# Famous Furry Artists



## cronlv16 (Mar 15, 2010)

Ive been part of the fandom now for about 2.5 years. Most would argue that Im not the most versed. Im not one of the people that are in it for some illusion of popularity. I practice my art for the enjoyment of me, my friends and whoever else finds my page. I enjoy positive comments, but even more, I enjoy comments that tell me how to improve my craft.

Ive encountered a few confused individuals who think that because Im an artist in the fandom that I am a cut above other furs. Is this not preposterous? Even more disturbing, these same people believe that famous furry artists "rule" the fandom and often times use their fans to manipulate the people that surround them. 

These statements anger me. Artists. popular or no, are just people who want to express themselves through creative means, and maybe even make some money on the side. I would be deeply shocked to discover that our favorite furry artists have deeper motives besides providing entertainment.

Comments? Question?


----------



## surfurry (Mar 15, 2010)

A few of the more popular artists used to let the fandom (and fanboys, lol) control their emotions, but now it seems that those artists are much more approachable and friendly.


----------



## Faustus (Mar 16, 2010)

You're always going to get people like that, social manipulators and mind-gamers who enjoy making people dance to their tune. Personally though, I don't think they constitute any more than a slim minority of the Furry art scene. The problem is their outrageous actions and the arguaments they provoke tend to net them more attention than perhaps they deserve. Most artists aren't like that at all.

-F


----------



## squiddysquiddysquiddy (Mar 21, 2010)

Well, I'm unanimously renowned as the greatest furry artist of all time, and that's simply because I really AM a cut above the rest.  You filthy peasants.

...alright, maybe not. 

ANYWHO, I actually don't see that all too often.  I mean granted there's always the few people who love to "cook the golden cow" both in furry and traditional art.  They take someone with a lot of talent, lots of popularity and large following of fans and think "Oh those dicks, they think they're so great and better than us".

...well, two problems with that is A: they usually DON'T think like that, and are popular because they're actually really cool and fun guys and gals, and B:  ....well, yeah, they ARE pretty much better than a lot of people.  They have a lot of talent and show it.  Unless they're assholes about it, just accept that they're way better than you and be inspired rather than jealous about it.

...so yeah, sounds to me like you just have bad luck being surrounded by the easily-made-jealous types.  :V


----------



## Tolbia (Mar 21, 2010)

Yeeeaaahhh we know that but we still can't accept it... We are only human... Your FA is broken btw


----------



## Bir (Mar 21, 2010)

squiddysquiddysquiddy said:


> Well, I'm unanimously renowned as the greatest furry artist of all time, and that's simply because I really AM a cut above the rest.  You filthy peasants.
> 
> ...alright, maybe not.
> 
> ...



This.


----------



## kraine (Mar 23, 2010)

> Artists. popular or no, are just people who want to express themselves through creative means, and maybe even make some money on the side.
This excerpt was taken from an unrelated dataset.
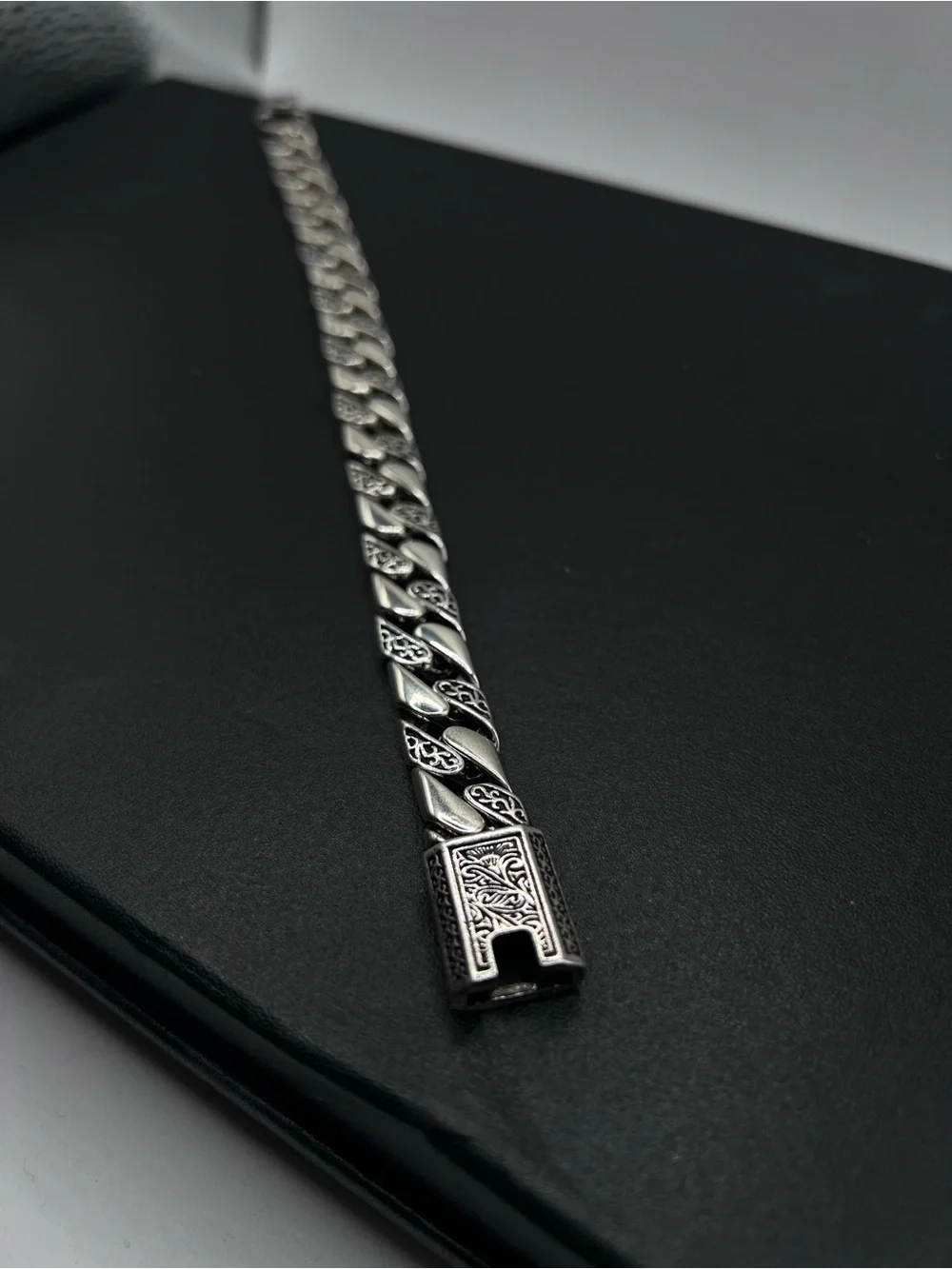 Engraved Cuban Link Bracelet with a secure clasp closure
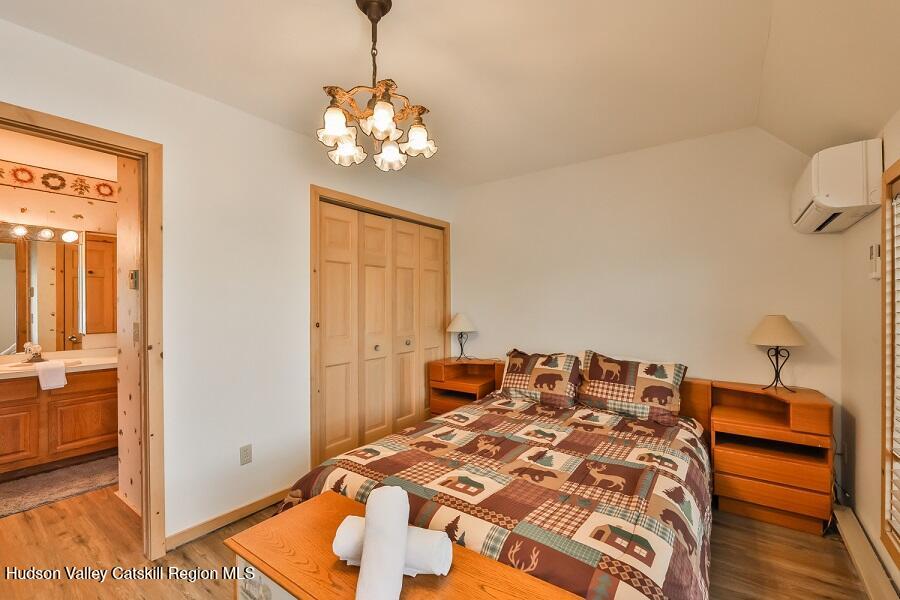 111 Brainard Ridge Road, Unit 11B Windham, NY 12496 - Photo 10 of 18 a bedroom with a bed and a chandelier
I would be deeply shocked to discover that our favorite furry artists have deeper motives besides providing entertainment.


 
Lol. Everyone has their own motives. There's probably a ton of people who just want popularity and shit.


----------



## Aden (Mar 23, 2010)

The great thing about the furry fandom is that the stuff you're fans of...is made by other fans. There's no external organization that you have to depend on for all new media. Therefore, "fame" in the fandom is fleeting and cheap - and most furry artists know this. There are a thousand other artists that can fill the void if one of them decides to be a snob.


----------



## skroge (Mar 31, 2020)

that's is the problem they except you do draw what they want not what you want this isn't free artistry its more like dictating people to what they want to see. i dont draw porn sometimes i do but i don't push on people like that what you're saying and i understand on your point of view i have people that hate me for not drawing furry x furry porn.


----------



## skroge (Mar 31, 2020)

kraine said:


> Lol. Everyone has their own motives. There's probably a ton of people who just want popularity and shit.


right on thats the thing they dont care about creativity its like rappers stealing other sound of style.


----------